Semantic Discovery
Enable AI agents to find products by intent and context, not just keywords.
Overview
Traditional e-commerce search relies on keyword matching—if a product doesn't contain the exact words a user types, it won't appear in results. Semantic Discovery changes this by understanding the meaning behind queries.

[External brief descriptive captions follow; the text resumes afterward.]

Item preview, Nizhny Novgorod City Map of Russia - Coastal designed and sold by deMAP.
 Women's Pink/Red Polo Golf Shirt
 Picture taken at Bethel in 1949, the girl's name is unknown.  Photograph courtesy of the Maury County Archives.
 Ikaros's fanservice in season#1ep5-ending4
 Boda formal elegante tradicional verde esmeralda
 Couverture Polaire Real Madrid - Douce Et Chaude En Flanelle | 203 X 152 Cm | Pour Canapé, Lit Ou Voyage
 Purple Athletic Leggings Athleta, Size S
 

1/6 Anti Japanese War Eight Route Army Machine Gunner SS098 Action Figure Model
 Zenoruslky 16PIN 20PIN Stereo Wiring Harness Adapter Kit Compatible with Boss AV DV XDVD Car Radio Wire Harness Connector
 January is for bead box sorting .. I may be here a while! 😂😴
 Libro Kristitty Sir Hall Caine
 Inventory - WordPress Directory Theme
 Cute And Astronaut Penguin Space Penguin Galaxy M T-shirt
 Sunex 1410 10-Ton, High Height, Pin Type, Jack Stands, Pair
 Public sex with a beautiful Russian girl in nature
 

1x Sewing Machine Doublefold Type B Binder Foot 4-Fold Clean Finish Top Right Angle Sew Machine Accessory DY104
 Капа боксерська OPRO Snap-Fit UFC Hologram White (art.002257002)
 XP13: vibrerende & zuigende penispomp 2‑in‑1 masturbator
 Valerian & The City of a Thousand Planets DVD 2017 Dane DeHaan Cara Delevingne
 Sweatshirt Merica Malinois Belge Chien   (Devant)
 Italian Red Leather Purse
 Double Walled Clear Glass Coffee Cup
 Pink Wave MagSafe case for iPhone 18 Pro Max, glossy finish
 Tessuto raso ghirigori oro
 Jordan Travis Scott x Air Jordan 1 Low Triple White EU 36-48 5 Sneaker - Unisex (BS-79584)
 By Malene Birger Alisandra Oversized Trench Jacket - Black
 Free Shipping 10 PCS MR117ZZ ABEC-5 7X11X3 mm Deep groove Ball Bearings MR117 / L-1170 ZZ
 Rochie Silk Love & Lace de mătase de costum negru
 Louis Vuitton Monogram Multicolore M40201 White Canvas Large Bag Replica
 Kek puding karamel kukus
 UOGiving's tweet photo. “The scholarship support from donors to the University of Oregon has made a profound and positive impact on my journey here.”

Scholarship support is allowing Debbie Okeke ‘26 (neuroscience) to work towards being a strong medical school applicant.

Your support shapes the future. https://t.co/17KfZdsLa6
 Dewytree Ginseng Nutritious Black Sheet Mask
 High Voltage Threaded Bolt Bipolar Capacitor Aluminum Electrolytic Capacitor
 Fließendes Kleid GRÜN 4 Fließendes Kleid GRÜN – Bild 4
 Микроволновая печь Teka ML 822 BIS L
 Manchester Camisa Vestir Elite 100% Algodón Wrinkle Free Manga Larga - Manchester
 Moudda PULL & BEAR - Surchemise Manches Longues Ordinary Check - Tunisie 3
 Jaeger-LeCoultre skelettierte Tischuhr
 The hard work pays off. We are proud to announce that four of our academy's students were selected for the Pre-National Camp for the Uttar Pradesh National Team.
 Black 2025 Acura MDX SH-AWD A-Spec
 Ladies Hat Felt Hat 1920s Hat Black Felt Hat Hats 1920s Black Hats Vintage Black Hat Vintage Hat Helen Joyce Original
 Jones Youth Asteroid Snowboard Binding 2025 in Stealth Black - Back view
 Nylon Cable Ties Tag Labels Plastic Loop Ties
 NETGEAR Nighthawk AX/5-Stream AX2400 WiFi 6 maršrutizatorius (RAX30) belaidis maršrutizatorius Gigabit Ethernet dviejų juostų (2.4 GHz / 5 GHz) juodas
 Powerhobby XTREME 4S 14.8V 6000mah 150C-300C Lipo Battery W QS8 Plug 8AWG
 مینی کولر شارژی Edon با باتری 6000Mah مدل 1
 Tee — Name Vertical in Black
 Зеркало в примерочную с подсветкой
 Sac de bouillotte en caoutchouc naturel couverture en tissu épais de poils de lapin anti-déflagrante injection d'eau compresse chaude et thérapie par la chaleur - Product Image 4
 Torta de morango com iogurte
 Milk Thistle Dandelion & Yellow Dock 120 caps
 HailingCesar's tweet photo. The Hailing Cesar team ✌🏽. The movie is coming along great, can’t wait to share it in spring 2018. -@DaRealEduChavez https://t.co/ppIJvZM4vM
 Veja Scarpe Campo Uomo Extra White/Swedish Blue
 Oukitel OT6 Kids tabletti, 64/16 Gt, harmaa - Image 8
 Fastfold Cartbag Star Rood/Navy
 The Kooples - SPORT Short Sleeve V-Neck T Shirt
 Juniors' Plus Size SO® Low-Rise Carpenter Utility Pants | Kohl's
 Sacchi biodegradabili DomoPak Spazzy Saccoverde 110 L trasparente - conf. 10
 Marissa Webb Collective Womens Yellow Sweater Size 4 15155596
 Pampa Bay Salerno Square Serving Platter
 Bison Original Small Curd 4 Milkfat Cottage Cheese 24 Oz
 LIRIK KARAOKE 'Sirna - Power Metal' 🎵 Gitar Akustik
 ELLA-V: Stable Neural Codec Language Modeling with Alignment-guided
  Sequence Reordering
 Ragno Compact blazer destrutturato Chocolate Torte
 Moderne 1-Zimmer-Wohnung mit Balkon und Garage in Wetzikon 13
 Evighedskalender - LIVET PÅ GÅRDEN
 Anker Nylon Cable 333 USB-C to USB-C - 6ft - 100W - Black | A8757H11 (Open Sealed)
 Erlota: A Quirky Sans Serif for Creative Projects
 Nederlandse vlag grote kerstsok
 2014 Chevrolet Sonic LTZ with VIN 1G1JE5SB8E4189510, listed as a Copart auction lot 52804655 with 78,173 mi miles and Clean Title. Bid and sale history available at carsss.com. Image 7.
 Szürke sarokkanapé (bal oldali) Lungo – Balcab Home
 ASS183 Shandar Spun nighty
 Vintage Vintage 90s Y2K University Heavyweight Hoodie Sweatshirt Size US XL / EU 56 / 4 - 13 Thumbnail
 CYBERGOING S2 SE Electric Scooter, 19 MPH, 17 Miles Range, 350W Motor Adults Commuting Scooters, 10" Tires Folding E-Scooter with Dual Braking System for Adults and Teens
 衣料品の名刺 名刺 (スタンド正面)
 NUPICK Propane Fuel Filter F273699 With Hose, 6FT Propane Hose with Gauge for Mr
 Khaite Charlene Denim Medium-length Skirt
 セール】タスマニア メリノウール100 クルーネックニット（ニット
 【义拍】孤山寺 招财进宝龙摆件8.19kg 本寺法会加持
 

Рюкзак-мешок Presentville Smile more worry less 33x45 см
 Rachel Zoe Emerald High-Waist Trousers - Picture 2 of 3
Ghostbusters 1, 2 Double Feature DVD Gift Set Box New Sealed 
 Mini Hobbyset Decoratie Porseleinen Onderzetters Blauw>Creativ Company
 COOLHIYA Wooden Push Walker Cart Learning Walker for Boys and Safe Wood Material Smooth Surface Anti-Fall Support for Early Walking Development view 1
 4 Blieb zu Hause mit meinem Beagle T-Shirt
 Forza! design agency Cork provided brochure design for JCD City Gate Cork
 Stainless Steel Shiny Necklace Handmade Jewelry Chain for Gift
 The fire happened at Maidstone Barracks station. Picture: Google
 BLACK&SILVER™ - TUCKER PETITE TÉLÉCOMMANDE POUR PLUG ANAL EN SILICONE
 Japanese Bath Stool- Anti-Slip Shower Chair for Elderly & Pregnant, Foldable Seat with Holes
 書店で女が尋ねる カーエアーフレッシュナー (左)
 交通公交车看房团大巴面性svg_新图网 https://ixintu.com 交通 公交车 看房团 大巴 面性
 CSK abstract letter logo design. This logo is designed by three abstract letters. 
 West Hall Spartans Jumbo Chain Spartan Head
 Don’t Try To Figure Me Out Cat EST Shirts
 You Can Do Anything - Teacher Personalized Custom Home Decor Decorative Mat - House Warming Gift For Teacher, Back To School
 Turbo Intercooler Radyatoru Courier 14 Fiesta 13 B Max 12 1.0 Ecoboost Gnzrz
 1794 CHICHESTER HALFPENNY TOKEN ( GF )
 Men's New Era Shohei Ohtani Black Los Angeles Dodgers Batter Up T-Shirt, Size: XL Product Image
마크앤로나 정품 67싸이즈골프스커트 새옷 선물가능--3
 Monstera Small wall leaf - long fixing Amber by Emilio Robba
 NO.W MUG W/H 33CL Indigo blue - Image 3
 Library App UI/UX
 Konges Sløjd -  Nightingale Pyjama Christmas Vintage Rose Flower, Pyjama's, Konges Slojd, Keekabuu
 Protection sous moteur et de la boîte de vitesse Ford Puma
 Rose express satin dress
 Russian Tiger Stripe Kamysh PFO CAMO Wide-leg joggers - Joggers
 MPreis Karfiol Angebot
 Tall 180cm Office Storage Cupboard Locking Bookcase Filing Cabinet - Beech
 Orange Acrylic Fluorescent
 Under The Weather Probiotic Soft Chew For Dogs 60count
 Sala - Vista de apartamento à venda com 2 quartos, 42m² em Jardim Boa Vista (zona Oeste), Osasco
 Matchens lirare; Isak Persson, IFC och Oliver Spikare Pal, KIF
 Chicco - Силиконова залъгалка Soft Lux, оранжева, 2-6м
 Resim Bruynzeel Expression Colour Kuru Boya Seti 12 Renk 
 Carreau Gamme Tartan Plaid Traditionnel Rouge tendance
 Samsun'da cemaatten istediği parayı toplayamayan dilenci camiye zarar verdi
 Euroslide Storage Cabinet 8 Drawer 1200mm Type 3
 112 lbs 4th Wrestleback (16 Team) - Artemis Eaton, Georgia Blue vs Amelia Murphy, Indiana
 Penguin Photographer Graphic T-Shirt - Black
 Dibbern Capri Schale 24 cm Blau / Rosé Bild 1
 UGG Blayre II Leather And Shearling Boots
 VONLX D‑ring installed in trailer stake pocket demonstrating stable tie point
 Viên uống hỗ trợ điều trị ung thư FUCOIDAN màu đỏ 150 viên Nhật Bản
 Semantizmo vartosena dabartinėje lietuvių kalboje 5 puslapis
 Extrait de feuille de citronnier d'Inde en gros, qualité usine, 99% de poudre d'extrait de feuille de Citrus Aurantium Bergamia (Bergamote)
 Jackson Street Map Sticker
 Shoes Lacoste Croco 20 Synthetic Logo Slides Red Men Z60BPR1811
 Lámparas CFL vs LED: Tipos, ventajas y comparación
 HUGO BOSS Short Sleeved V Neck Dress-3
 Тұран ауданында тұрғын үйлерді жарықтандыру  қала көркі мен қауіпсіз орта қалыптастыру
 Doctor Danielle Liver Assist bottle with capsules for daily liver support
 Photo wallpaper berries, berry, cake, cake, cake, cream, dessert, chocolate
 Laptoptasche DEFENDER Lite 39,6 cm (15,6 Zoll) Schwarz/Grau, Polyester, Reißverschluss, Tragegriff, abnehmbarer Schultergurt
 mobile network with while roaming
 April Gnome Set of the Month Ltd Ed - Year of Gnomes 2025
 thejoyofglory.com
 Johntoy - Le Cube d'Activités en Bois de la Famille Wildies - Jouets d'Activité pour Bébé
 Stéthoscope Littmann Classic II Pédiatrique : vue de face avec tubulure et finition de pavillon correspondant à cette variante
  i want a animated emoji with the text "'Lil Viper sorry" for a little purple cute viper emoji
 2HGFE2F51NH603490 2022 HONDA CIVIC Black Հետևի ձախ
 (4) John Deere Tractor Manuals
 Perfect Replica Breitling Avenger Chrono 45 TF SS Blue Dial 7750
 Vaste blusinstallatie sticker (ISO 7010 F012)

Hyperfold uses vector embeddings to represent both products and queries in a high-dimensional space where semantically similar items are close together.
Vector Embeddings
Every product in your catalog is transformed into a dense vector representation that captures its semantic meaning:
{ "product_id": "prod_aero_x2", "name": "AeroRun X2 Marathon Shoe", "description": "Professional running shoe with Gore-Tex waterproofing", "semantics": { "category": "apparel/footwear/running", "usage_context": ["marathon", "trail", "wet_conditions"], "visual_tags": ["blue", "reflective", "mesh_upper", "chunky_sole"], "attributes": { "weight_g": 280, "heel_drop_mm": 8, "waterproof": true, "breathable": true }, "vibe_tags": ["professional", "performance", "outdoor", "serious_runner"] }, "embedding": [0.023, -0.156, 0.891, ...], // 1536-dim vector "similar_products": ["prod_storm_gt", "prod_trail_king"], "frequently_bought_with": ["prod_socks_wp", "prod_insoles_pro"]}How Embeddings Are Generated
When you import a product, Hyperfold uses Vertex AI's multimodal embedding model to:
- Analyze product images to extract visual features (color, style, shape)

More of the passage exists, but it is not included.